There are many decisions that must be made when one is dying. What funeral home to go to? Which casket to be buried in? Cremated or buried?
One of the growing trends that many consider is whether to donate the body after dying. Some people are deciding between typical organ donation and the full body donation as their final contribution to humanity. Full body donation is the act of offering your whole body (consisting of human tissues, organs, and specimen) for the benefit of science; specifically, for medical research.
The donated human tissue is used to gain more advancement in the medical field with the aim of finding the cure for diseases such as cancer, bipolar disorder, diabetic neuropathy, Huntington’s disease, schizophrenia, muscular dystrophy, multiple sclerosis, Parkinson’s and Alzheimer’s disease. These bodies of tissue are also utilized as a training ground for surgeons, paramedics, and fire fighters in preparation for their practice. Medical discoveries and breakthroughs also occur while performing tests and operations on the human body.
Who can donate a body? In the full body donation, there are only a few exceptions for donors.

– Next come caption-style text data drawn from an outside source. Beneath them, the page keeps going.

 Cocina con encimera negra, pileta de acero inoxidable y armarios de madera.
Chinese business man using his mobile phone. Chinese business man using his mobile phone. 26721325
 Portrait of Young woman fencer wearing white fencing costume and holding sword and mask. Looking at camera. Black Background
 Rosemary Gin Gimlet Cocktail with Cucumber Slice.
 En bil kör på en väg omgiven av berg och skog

Age and health condition are not necessarily a prerequisite, but those with HIV/Aids, tuberculosis, hepatitis, severe obesity, decomposition, and syphilis are not eligible for such a donation.
If you opt for full body donation, it is important to find a tissue bank or full body donation program that will meet your standards. Most organizations follow a simple process which starts with the consent given by the donor or the legal next-of-kin, such as your parents or siblings. It is vital to discuss your plan of donating your body with your family to ensure that your wishes will be followed. You must also inform your doctors of your wish so they know the proper actions to take after your death.

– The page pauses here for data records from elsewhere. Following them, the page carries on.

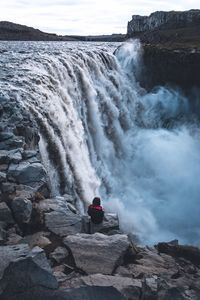 High angle view of woman sitting on rock by waterfall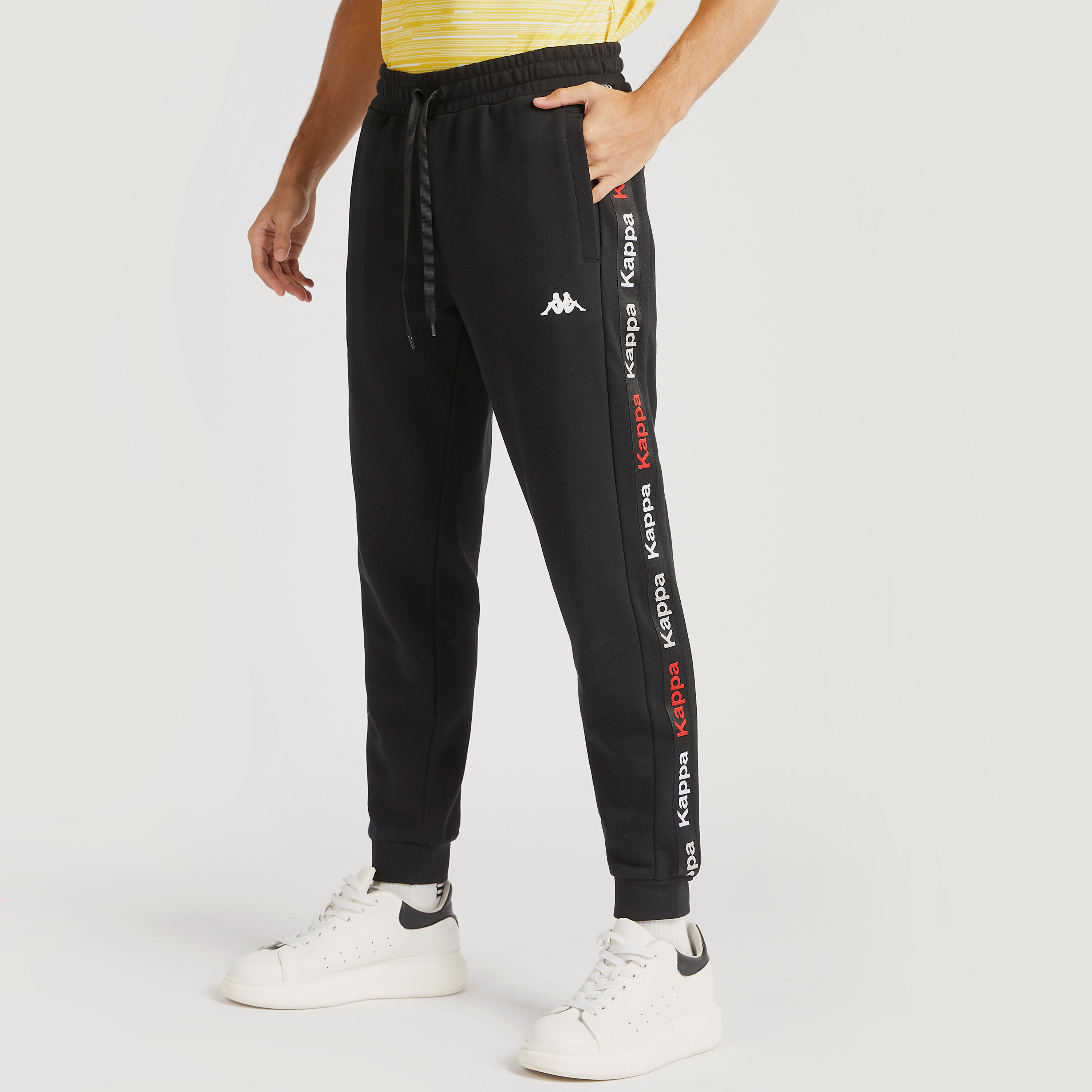 بنطلون رياضي سادة بتفاصيل شريطة ورباط إغلاق من كابا-men-clothing-sportswearandactivewear-tracksuits-image-1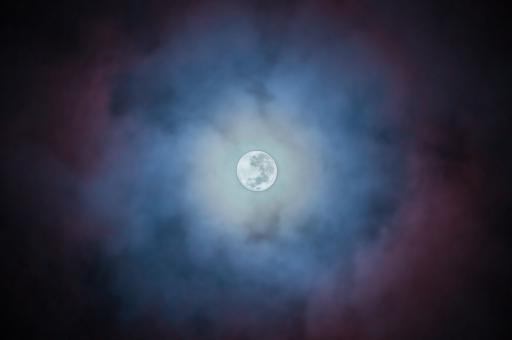 Full moon on blue night background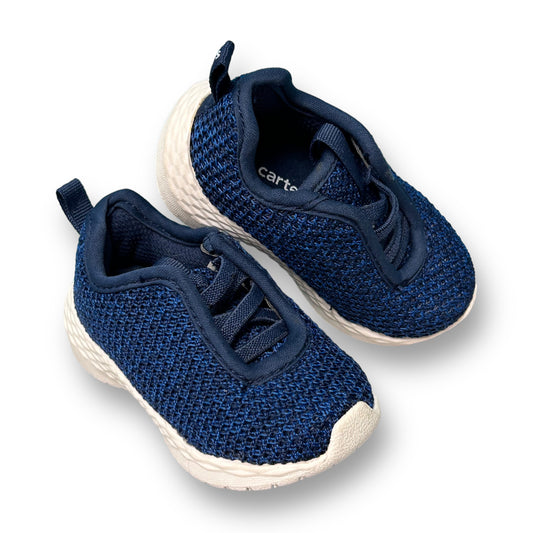 A pair of dark blue no-tie comfy sneakers for toddlers by Carter's.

The body tissues and parts are then distributed to respective government agencies, private companies, medical or educational institutions, laboratories, or whichever organization that needs it the most.
Full body donation is usually free of charge, wherein the chosen organization takes care of transportation costs of the body, filing of death certificates, as well as the cremation, though this may vary. The cremated remains of the donor will be returned to the family after a specific timeframe upon their wish.

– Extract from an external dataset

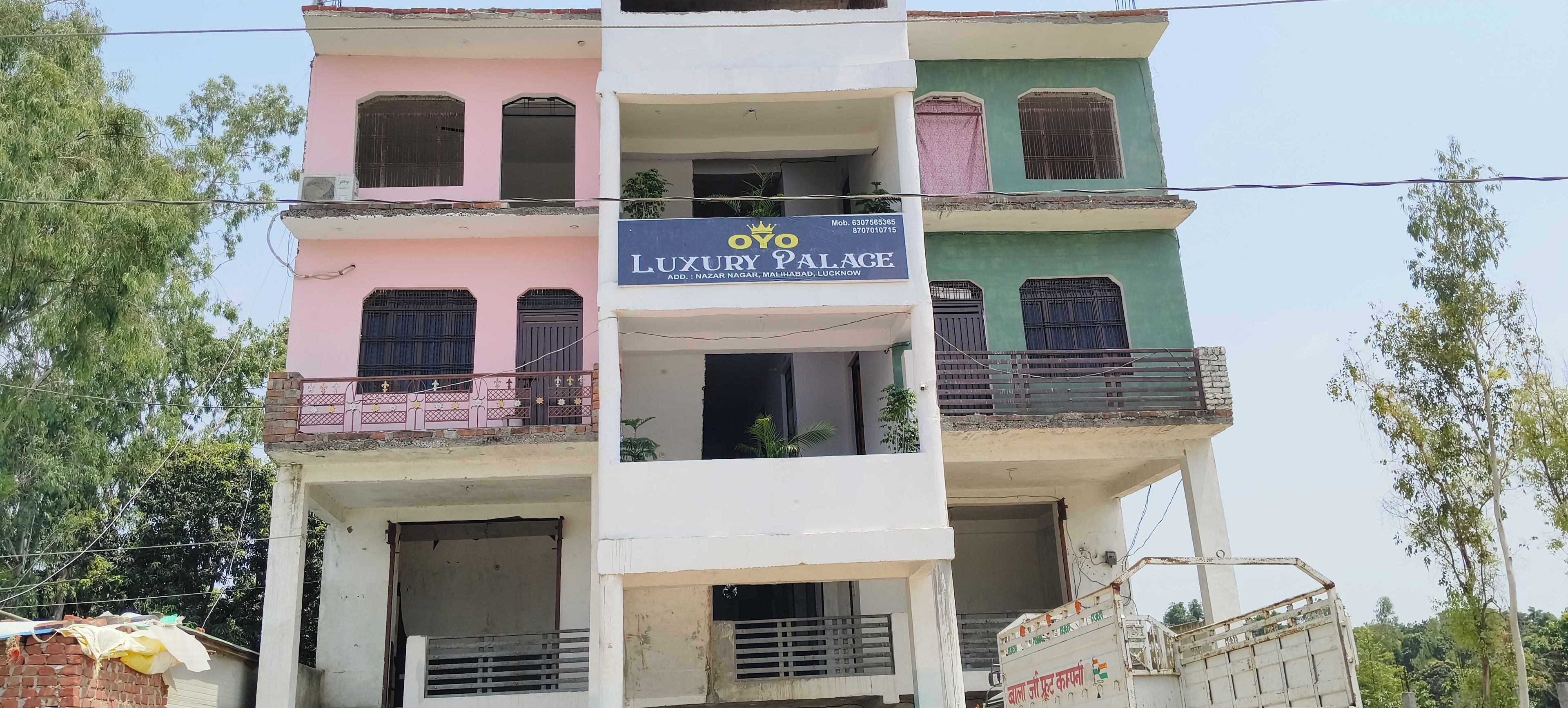 Een meerlaags gebouw met balkons en een bord met de tekst 'Oyo Luxury Palace'.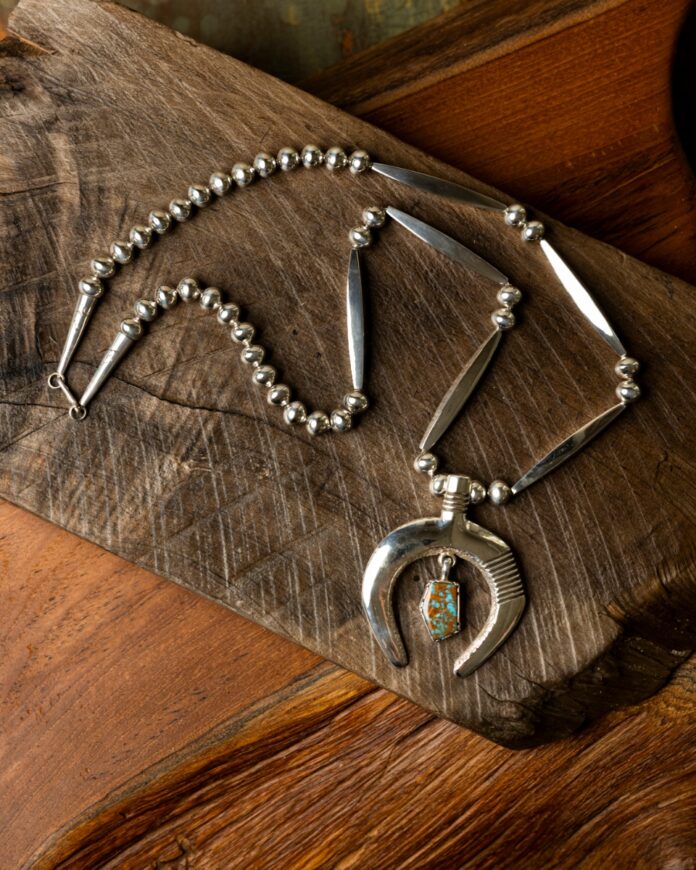 Tufa cast sterling silver necklace by Cippy Crazy Horse with Navajo pearls, a heavy-gauge Naja pendant, and a small turquoise stone hanging on rustic wood.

The donor also has the option to choose which type of scientific research will be supported by his fully body donation. Thus, it is important to know all of the policies and procedures that surround this anatomical gift-giving. Once decided to go through this process, a plan B is also crucial in case something happens that hinders your plan A. Tissue banks or medical programs may find a cause after the time of death that prohibits the donation, so preparation is key.
For people who are considering not having a traditional funeral or cannot afford one, full body donation is an alternative to reflect upon. Apart from saving on costs or having an unconventional “way to go”, it is a noble act in the development of science, and eventually, in saving lives.